Caritas-Märkte: Nachfrage steigt

21.02.2019
In den 21 Caritas-Märkten in der Schweiz ist 2018 der Umsatz um 3,6 Prozent angestiegen und liegt nun bei 13,1 Millionen Franken. 
In der Schweiz sind mehr als eine Million Menschen armutsbetroffen oder armutsgefährdet. Für sie wird die Situation angespannter, wird doch sowohl bei der Sozialhilfe wie auch bei den Prämienverbilligungen für Krankenkassen gespart.
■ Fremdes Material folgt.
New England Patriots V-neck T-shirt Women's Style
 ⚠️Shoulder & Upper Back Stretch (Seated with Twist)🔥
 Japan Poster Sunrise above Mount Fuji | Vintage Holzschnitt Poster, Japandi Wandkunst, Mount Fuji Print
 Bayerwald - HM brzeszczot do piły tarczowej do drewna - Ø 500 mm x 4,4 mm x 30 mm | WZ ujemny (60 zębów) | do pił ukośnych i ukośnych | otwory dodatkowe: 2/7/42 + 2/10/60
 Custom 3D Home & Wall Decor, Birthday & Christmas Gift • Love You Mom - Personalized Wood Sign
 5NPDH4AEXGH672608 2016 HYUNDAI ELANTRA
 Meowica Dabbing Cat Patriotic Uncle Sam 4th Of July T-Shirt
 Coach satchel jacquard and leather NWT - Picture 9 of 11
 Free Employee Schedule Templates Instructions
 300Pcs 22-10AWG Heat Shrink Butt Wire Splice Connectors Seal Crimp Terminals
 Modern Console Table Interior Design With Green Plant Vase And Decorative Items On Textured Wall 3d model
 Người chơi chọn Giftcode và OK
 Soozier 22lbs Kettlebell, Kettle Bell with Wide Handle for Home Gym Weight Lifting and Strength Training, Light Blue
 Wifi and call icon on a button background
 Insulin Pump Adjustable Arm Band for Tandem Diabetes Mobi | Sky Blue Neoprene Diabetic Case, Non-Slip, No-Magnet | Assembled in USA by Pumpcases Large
Jede Möglichkeit zur Entlastung der knappen Budgets ist für Betroffene willkommen. 2018 wurden im Caritas-Markt fast eine Million Einkäufe getätigt. Der Durchschnitteinkauf beträgt rund 13 Franken. Der Caritas-Markts bietet den Gesamtwarenkorb dauerhaft und billig an. Dies entlastet so das Budget von Armutsbetroffenen zuverlässig und dauerhaft.
 
Besonders beliebt sind gesunde Nahrungsmittel: 2018 verkaufte der Caritas-Markt 1,2 Millionen Kilogramm Früchte und Gemüse, was einer Steigerung um 4,3 Prozent gegenüber dem Vorjahr entspricht. Dazu zählen 135 Tonnen Tomaten und 103 Tonnen Äpfel. Die Produkte sind anders als günstige Angebote bei Detailhändlern nicht in grösseren Verpackungen, sondern in den individuellen Budgets anpassbaren Kleinmengen erhältlich. Täglich wird in 11 Märkten frisches Brot ausgebacken.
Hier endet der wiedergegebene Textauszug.